Here’s where it gets strange–the work will continue through the 2024-2025 season but the plan is to return to Camp Nou with capacity reduced to 50%. This begs the question–‘why not play another year at Olympic Stadium?’

So, the aforementioned works will be carried out during the 2022/23 season while members and other fans will be able to come to games as normal. In the 2023/24 season, most of the work would be continued all year round, so the team will play at Montjuïc. In the 2024/25 season, work will continue in the Camp Nou, but games can also be played there, albeit with the capacity reduced by approximately 50%. The work would be completed during the 2025/26 season.

There’s definitely a cost factor–presumably, Barca will have to pay for use of Olympic Stadium. This isn’t the case at team owned Camp Nou, but you’d think that the larger capacity of Olympic Stadium would justify another move for the 24-25 season?

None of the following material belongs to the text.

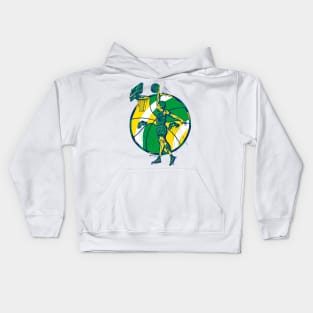 Brasil Legendary Baller Number 8 Kids Hoodie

As for Olympic Stadium, it’s pretty old itself–it was built in 1927 as part of Expo 1928. As you’d expect, it began to deteriorate over the years. It was completely rebuilt in the 1980’s and used as the primary venue for the 1992 Summer Olympics. The venue has been in frequent use since then–9 Copa del Rey finals, major boxing events and concerts. It also hosted another La Liga team–RCD Espanyol–from 1997 to 2009 when the team left to play in their own venue (40,000 seat RCDE Stadium). The website Barcelona.com helpfully suggests that it is ‘a stadium not to be confused with the Camp Nou, the stadium where you can see FC Barcelona matches’.

Incidentially, the official name of Olympic Stadium was previously Estadi Olímpic de Montjuïc, but that was changed in 2001 when it was renamed in honor of Lluis Companys, president of Catalonia executed near the venue by the Franco regime in 1940. The official name is now Estadi Olímpic Lluís Companys. Interesting, the Barcelona press release announcing the temporary move referred to it as ‘Lluís Companys Stadium’ with no mention of the ‘Olympic’ part.